Restate word for word the lines of the data below, from the first through the one that has "wooden background detail".

EXCERPTED DATA START

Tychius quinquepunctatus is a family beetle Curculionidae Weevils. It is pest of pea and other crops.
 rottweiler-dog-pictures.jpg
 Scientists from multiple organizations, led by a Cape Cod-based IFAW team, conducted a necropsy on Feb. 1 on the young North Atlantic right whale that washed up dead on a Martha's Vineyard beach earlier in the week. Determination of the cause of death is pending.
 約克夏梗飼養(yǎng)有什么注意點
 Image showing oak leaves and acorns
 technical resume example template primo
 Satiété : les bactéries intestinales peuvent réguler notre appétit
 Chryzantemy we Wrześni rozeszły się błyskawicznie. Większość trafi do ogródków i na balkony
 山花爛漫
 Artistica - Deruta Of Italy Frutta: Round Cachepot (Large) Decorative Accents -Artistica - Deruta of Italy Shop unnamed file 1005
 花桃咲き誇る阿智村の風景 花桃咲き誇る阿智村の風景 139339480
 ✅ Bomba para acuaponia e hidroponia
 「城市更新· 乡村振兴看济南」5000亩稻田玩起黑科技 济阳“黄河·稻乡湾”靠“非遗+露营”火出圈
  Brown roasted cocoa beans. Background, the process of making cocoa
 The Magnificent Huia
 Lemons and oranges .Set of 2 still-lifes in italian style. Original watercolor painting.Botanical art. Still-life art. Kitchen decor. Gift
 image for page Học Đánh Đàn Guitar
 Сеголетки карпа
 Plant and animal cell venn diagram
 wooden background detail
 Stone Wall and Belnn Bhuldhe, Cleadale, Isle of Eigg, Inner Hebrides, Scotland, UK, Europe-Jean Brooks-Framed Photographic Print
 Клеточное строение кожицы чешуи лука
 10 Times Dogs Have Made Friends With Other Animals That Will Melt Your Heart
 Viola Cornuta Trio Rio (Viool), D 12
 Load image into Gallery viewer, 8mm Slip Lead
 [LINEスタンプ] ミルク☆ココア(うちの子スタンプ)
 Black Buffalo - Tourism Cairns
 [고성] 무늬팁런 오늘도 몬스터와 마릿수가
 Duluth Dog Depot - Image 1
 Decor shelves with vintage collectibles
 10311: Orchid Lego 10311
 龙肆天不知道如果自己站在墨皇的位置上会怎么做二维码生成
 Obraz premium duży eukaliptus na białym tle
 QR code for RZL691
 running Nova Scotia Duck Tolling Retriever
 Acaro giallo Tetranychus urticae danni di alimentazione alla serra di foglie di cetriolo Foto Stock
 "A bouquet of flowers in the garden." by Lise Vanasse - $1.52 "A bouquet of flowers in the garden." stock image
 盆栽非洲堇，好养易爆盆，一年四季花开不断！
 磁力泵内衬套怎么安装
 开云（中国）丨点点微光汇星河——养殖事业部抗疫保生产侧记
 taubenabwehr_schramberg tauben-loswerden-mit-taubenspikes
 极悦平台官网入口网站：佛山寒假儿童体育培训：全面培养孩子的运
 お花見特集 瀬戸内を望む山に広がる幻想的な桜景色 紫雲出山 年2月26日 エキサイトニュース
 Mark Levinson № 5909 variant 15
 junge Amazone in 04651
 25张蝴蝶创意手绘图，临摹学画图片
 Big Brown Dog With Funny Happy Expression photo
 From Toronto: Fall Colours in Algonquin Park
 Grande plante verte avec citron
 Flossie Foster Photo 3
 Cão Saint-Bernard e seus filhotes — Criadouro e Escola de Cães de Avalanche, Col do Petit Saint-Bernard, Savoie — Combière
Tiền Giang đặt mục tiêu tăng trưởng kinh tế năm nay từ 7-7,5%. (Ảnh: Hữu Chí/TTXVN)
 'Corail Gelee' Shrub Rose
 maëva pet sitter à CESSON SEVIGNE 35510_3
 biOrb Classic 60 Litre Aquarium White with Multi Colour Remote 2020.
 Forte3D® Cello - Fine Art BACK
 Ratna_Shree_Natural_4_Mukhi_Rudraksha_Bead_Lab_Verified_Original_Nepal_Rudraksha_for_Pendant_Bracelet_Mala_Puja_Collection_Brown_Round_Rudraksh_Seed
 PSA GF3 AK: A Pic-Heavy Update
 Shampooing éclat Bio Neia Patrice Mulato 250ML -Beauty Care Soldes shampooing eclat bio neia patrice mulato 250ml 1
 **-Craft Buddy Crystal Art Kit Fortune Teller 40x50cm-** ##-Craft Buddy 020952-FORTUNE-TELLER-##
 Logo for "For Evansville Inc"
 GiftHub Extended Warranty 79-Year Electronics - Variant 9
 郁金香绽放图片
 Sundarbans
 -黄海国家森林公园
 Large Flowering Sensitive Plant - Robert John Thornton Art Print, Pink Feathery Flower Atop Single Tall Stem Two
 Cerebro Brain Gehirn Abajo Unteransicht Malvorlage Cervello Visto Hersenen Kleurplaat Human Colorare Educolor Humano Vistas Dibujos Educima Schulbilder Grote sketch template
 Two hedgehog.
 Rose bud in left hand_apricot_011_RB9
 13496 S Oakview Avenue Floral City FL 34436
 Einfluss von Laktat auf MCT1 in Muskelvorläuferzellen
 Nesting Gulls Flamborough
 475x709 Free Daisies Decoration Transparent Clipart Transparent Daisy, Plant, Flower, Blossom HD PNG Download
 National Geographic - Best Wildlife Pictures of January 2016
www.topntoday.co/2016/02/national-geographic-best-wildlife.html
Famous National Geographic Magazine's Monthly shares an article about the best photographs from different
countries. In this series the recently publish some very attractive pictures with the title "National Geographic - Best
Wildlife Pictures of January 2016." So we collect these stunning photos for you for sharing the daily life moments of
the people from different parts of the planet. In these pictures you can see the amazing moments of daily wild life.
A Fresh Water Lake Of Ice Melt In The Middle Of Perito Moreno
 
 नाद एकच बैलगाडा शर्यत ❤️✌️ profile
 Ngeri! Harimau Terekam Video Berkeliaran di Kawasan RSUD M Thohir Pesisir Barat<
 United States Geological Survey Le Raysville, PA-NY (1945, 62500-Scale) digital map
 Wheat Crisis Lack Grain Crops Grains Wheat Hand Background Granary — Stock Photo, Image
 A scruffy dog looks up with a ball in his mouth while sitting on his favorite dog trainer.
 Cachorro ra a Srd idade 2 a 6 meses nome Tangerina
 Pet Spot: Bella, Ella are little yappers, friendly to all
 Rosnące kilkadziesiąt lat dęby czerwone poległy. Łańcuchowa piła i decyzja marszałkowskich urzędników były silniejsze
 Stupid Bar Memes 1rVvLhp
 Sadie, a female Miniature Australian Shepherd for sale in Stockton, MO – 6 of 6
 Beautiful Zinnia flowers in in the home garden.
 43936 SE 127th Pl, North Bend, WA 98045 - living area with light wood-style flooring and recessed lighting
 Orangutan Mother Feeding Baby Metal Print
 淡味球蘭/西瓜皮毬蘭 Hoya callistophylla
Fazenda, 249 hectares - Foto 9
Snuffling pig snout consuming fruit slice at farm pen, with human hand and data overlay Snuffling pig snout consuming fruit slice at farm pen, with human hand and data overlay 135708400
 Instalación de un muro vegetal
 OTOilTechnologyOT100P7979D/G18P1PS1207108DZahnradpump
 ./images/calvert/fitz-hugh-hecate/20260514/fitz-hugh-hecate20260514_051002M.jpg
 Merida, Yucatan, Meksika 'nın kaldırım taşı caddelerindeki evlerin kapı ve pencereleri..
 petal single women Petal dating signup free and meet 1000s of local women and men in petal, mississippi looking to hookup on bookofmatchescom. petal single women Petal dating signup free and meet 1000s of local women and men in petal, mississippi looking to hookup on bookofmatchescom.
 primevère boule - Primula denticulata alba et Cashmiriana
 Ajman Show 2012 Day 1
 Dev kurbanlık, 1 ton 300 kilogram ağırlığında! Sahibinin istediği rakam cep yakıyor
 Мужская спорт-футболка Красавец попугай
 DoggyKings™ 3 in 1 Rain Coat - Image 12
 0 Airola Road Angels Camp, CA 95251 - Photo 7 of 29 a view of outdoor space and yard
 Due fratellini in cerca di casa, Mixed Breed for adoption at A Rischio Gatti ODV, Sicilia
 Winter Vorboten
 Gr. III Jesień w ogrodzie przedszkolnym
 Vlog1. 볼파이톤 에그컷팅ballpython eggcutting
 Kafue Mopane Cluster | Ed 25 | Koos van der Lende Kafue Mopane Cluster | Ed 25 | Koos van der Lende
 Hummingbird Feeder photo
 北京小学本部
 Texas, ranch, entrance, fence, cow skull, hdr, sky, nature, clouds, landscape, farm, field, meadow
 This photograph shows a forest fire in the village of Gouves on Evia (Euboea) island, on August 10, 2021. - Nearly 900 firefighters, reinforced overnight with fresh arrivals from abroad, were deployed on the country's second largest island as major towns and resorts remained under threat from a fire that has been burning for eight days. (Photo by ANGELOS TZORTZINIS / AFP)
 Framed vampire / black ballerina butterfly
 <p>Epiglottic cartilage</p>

EXCERPTED DATA END

#### [EXERCISE ANSWER]
Tychius quinquepunctatus is a family beetle Curculionidae Weevils. It is pest of pea and other crops.
 rottweiler-dog-pictures.jpg
 Scientists from multiple organizations, led by a Cape Cod-based IFAW team, conducted a necropsy on Feb. 1 on the young North Atlantic right whale that washed up dead on a Martha's Vineyard beach earlier in the week. Determination of the cause of death is pending.
 約克夏梗飼養(yǎng)有什么注意點
 Image showing oak leaves and acorns
 technical resume example template primo
 Satiété : les bactéries intestinales peuvent réguler notre appétit
 Chryzantemy we Wrześni rozeszły się błyskawicznie. Większość trafi do ogródków i na balkony
 山花爛漫
 Artistica - Deruta Of Italy Frutta: Round Cachepot (Large) Decorative Accents -Artistica - Deruta of Italy Shop unnamed file 1005
 花桃咲き誇る阿智村の風景 花桃咲き誇る阿智村の風景 139339480
 ✅ Bomba para acuaponia e hidroponia
 「城市更新· 乡村振兴看济南」5000亩稻田玩起黑科技 济阳“黄河·稻乡湾”靠“非遗+露营”火出圈
  Brown roasted cocoa beans. Background, the process of making cocoa
 The Magnificent Huia
 Lemons and oranges .Set of 2 still-lifes in italian style. Original watercolor painting.Botanical art. Still-life art. Kitchen decor. Gift
 image for page Học Đánh Đàn Guitar
 Сеголетки карпа
 Plant and animal cell venn diagram
 wooden background detail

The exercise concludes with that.